Zhang_2022_J.Biol.Chem_298_102066

Congenital hypothyroidism with biallelic thyroglobulin (Tg protein, encoded by the TG gene) mutation is an endoplasmic reticulum (ER) storage disease. Many patients (and animal models) grow an enlarged thyroid (goiter), yet some do not. In adulthood, hypothyroid TG(cog/cog) mice (bearing a Tg-L2263P mutation) exhibit a large goiter, whereas adult WIC rats bearing the TG(rdw/rdw) mutation (Tg-G2298R) exhibit a hypoplastic thyroid. Homozygous TG mutation has been linked to thyroid cell death, and cytotoxicity of the Tg-G2298R protein was previously thought to explain the lack of goiter in WIC-TG(rdw/rdw) rats. However, recent studies revealed that TG(cog/cog) mice also exhibit widespread ER stress-mediated thyrocyte death, yet under continuous feedback stimulation, thyroid cells proliferate in excess of their demise.
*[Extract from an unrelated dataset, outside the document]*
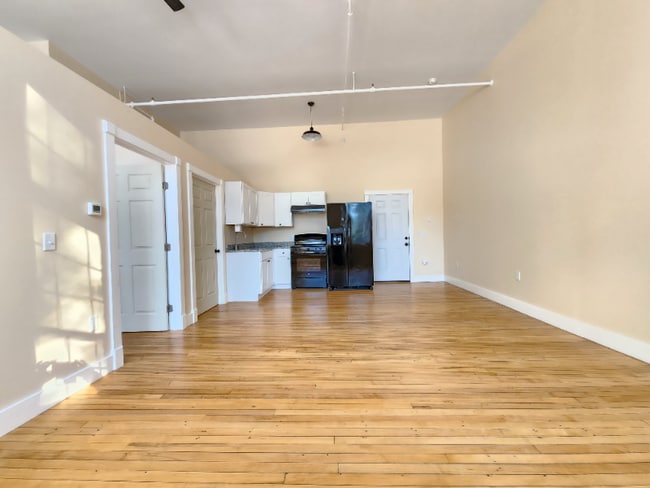 Photo - 21 Jefferson St Unit 4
Here, to examine the relative proteotoxicity of the Tg-G2298R protein, we have used CRISPR-CRISPR-associated protein 9 technology to generate homozygous TG(rdw/rdw) knock-in mice in a strain background identical to that of TG(cog/cog) mice. TG(rdw/rdw) mice exhibit similar phenotypes of defective Tg protein folding, thyroid histological abnormalities, hypothyroidism, and growth retardation. TG(rdw/rdw) mice do not show evidence of greater ER stress response or stress-mediated cell death than TG(cog/cog) mice, and both mouse models exhibit sustained thyrocyte proliferation, with comparable goiter growth. In contrast, in WIC-TG(rdw/rdw) rats, as a function of aging, the thyrocyte proliferation rate declines precipitously. We conclude that the mutant Tg-G2298R protein is not intrinsically more proteotoxic than Tg-L2263P; rather, aging-dependent difference in maintenance of cell proliferation is the limiting factor, which accounts for the absence of goiter in adult WIC-TG(rdw/rdw) rats.